Atesto o voto de conformidade do Ex.mº Sr. Juiz Conselheiro Paulo Ferreira da Cunha – art.º 15º-A do Decreto-Lei n.º 10-A/2020 de 13 de março na redação dada pelo DL n.º 20/2020 de 1/05 aplicável ex vi do art.º 4 do CPP)[26] .

Paulo Ferreira da Cunha (Juiz Conselheiro adjunto)
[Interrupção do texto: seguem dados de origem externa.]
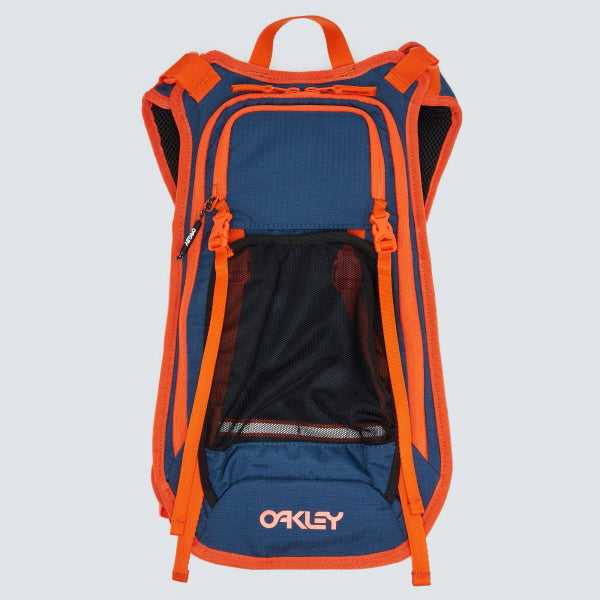 Oakley, Oakley Switchback Hydration Pack 2L - Poseidon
António Pires da Graça (Juiz Conselheiro presidente da secção)


________

[1] Nos termos do art. 449º do CPP, para efeitos de revisão “à sentença é equiparado despacho que tiver posto fim ao processo”.
[2] Noções Elementares de Processo Civil, pag. 335.
[3] J. J. Gomes Canotilho, Direito constitucional e teoria da Constituição. 7. ed., 2ª reimpressão. Coimbra, 3003, Edições Almedina, pag, 265.
[4] A Teoria do Concurso em Direito Criminal (reimpressão), Almedina, 1983, pág. 302.
[5] Direito Processual Penal, 1º vol. pag 44.
[6] Código de Processo Civil Anotado, 1984 (reedição), volume V, pág. 158.
[7] Eduardo Correia, ob citada, pag. 403.
[8] Curso de Processo Penal, III, edição da AAFDL, 1963, págs. 35.
[9] J. H. Santos Cabral, “A relação entre as decisões dos tribunais internacionais e as decisões dos tribunais supremos - efeito directo e reabertura do processo”, pag. 9 e pag. 17.
[10] Sentencia de 22/11/1996.
[11] DRE II série de 13/12/2000.
[12] J. Gomes Canotilho e Vital Moreira, Constituição da República Portuguesa Anotada, 4º ed., pag. 497.
[13] Extraordinário é o que é fora do comum, raro, que sucede em circunstancias excecionais.
[14] M. Maia Gonçalves, Código de Processo Penal anotado e comentado, 12ª ed., pag. 845.
[15] Curso de Processo Penal, III, pag. 388.
[16] Recursos em Processo Penal, p. 215
[17] Coletânea de Jurisprudência – Acórdãos do Supremo Tribunal de Justiça, ano 2003, tomo I, p. 231.
[18] em www.dgsi.pt
[19] proc. n.º 3/12.2GAVVC-B.S1, 3ª sec , www.dgsi.pt/jstj.
[20] Através do recurso de «revisão», também denominada “ação de revisão criminal”.
[21] No Ac. STJ de 25/05/2016, proc. 459/08.8POLSB-A.S1 (in www. dgsi.pt) decidiu-se: “O despacho que revoga a suspensão da execução da pena de prisão, que o recorrente pretende que seja revisto, não põe fim ao processo, limitando-se a dar sequência à condenação antes proferida, pelo que é insuscetível de revisão”.
[22] Na decisão da matéria de facto – por ex., o tribunal fixa um acontecimento que não existiu – ou na resolução da questão de direito – maxime:, errada subsunção jurídica dos factos provados, ou, em geral,  erro na aplicação do direito ao caso concreto.
[23] Por ex.: nulidades da sentença.
[24] Scientia Iuridica, tomo XIV, n.ºs 75/76, pag. 520/521.
[25] Proc. 798/12.3GCBNV-B.S1 in www.dgsi.pt
[26]   Artigo 15.º-A: (Recolha de assinatura dos juízes participantes em tribunal coletivo)
A assinatura dos outros juízes que, para além do relator, tenham intervindo em tribunal coletivo, nos termos previstos no n.º 1 do artigo 153.º do Código de Processo Civil, aprovado pela Lei n.º 41/2013, de 26 de junho, na sua redação atual, pode ser substituída por declaração escrita do relator atestando o voto de conformidade dos juízes que não assinaram.